▸ Supplied material
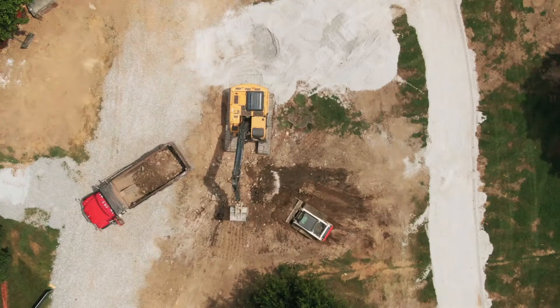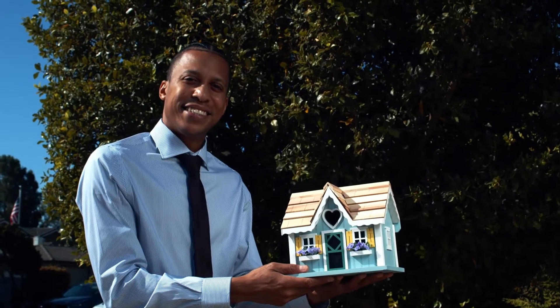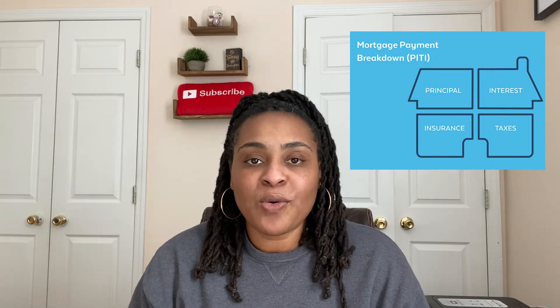The two closings are comprised of the construction phase and also the permanent phase. The construction loan is basically where they're constructing the property, and you have to actually close on that portion of the loan. Fast forward — once the home is complete, you actually have to close on the permanent phase, which is your more traditional mortgage, your monthly PITI. So keep that in mind when thinking about expenses that don't seem obvious at the moment but are there.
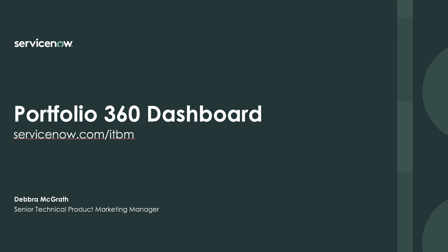We just demonstrated how the ServiceNow Portfolio 360 Dashboard provides the PMO and Portfolio Managers with important details about their project portfolio health. This helps them transform from being reactive to being more strategic and to achieve improved continuous planning and delivery of their desired business outcomes. For additional information, visit ServiceNow.com/ITBM.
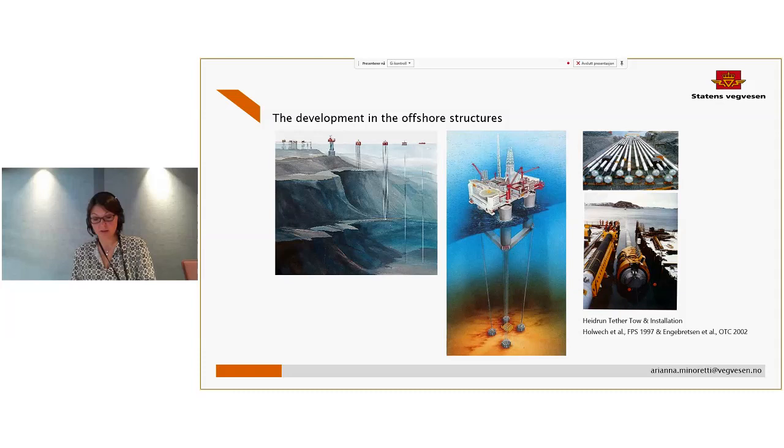It would be the first submerged floating tube bridge built, but it is not an unknown structure, because the different parts of the structure are already known technologies — they have just never worked together until now. We have at least 50 years of experience with offshore structure technology, and this experience is one we can use in the design of the SFTB. The tethers in the design of a vertically stabilized SFTB are exactly the same as those we are using in offshore structures.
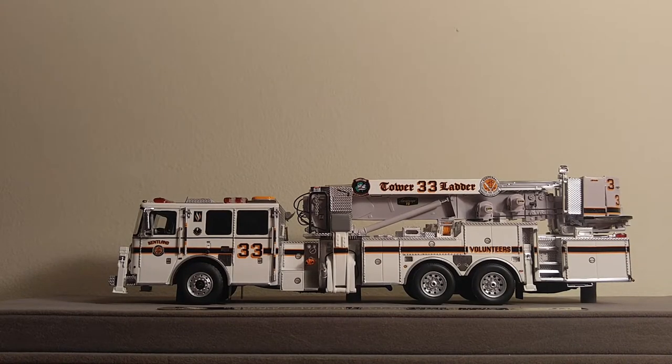Welcome, ladies and gentlemen, and thank you for tuning in to another episode of DieCast Emporium. In this video, I have the privilege of reviewing the Ketlin Volunteer Fire Department Tower Ladder 33.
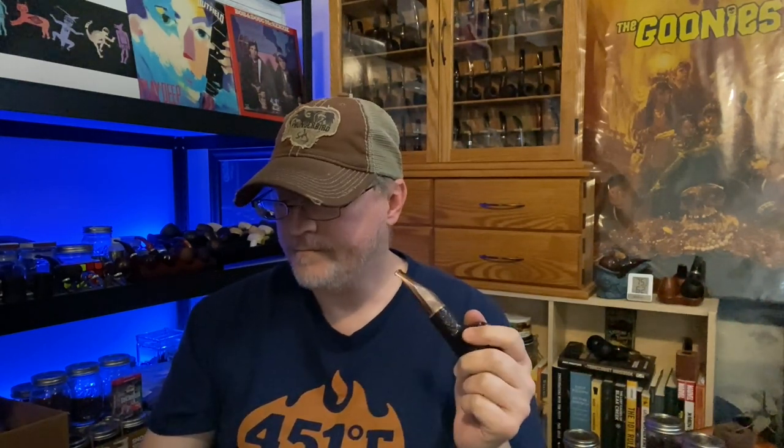I typically smoke Perique blends and Dark Fired blends in my 320s, because that's what I enjoy smoking the most. But I do have one 320 that I've set aside for aromatics — that'd be my Trevi 320. English blends I've found will pretty much smoke well in any shape, but I don't smoke them in my 320s. My advice is to smoke what you like in the pipes that you favor. However, you may find magical combos for yourself personally, but I personally haven't.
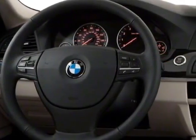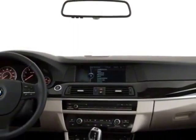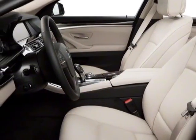This 5 Series boasts a 3.0 liter engine and has an 8-speed automatic transmission. Additional options for this vehicle include the 8-speed Steptronic automatic transmission.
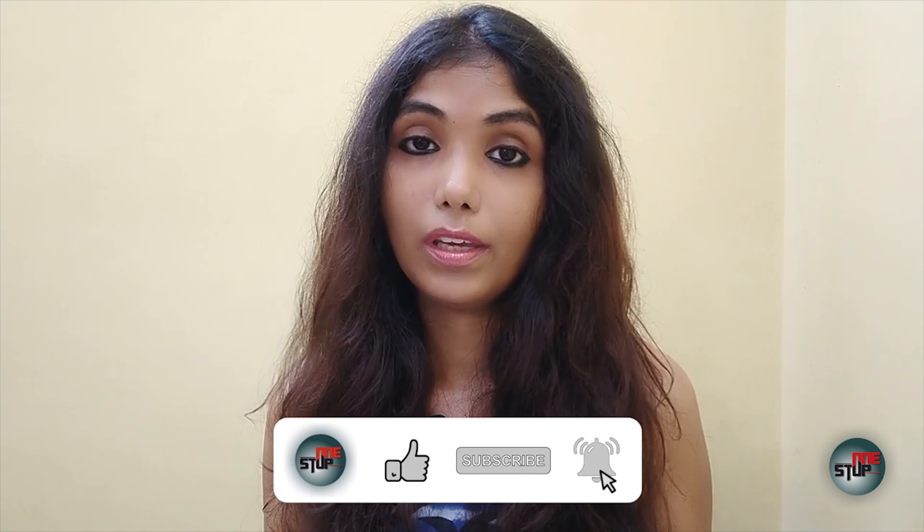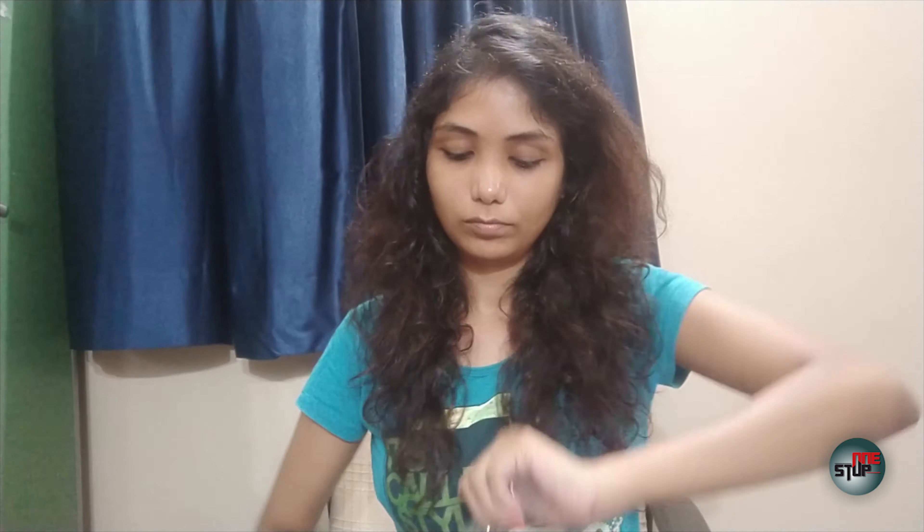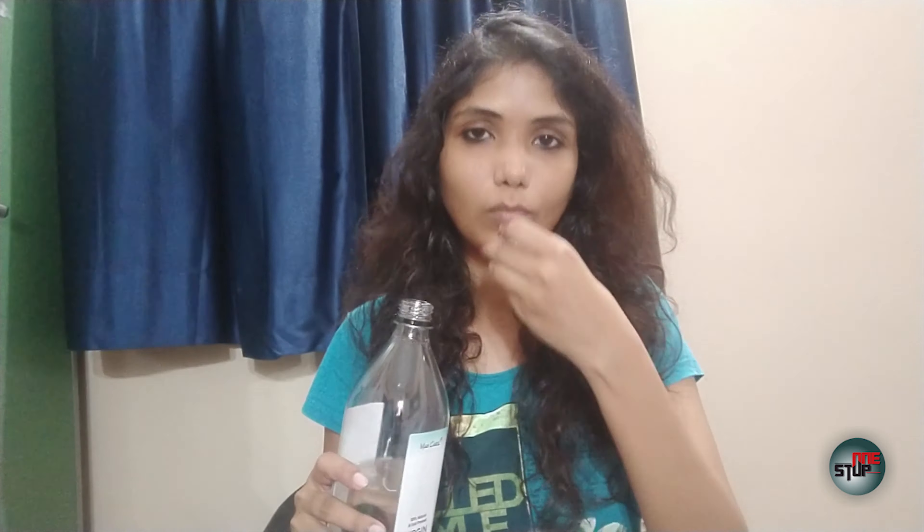I also use this coconut oil for oil pulling. It is basically an Ayurvedic oral therapy. You can use coconut, sesame, or sunflower oil. I prefer coconut oil because it contains lauric acid, which has antimicrobial properties that help prevent tooth decay to some extent. You just need to take one tablespoon of oil in your mouth, swish it for around 20 minutes, and then spit it out. Initially you can start with 5 to 10 minutes.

▸ Exercise objective
Please copy out from the data above, without any picture, exactly the lines running from the one that holds "We just demonstrated" through the one that holds "Welcome, ladies and", and nothing beyond them.

▸ Response for this exercise
We just demonstrated how the ServiceNow Portfolio 360 Dashboard provides the PMO and Portfolio Managers with important details about their project portfolio health. This helps them transform from being reactive to being more strategic and to achieve improved continuous planning and delivery of their desired business outcomes. For additional information, visit ServiceNow.com/ITBM.
It would be the first submerged floating tube bridge built, but it is not an unknown structure, because the different parts of the structure are already known technologies — they have just never worked together until now. We have at least 50 years of experience with offshore structure technology, and this experience is one we can use in the design of the SFTB. The tethers in the design of a vertically stabilized SFTB are exactly the same as those we are using in offshore structures.
Welcome, ladies and gentlemen, and thank you for tuning in to another episode of DieCast Emporium. In this video, I have the privilege of reviewing the Ketlin Volunteer Fire Department Tower Ladder 33.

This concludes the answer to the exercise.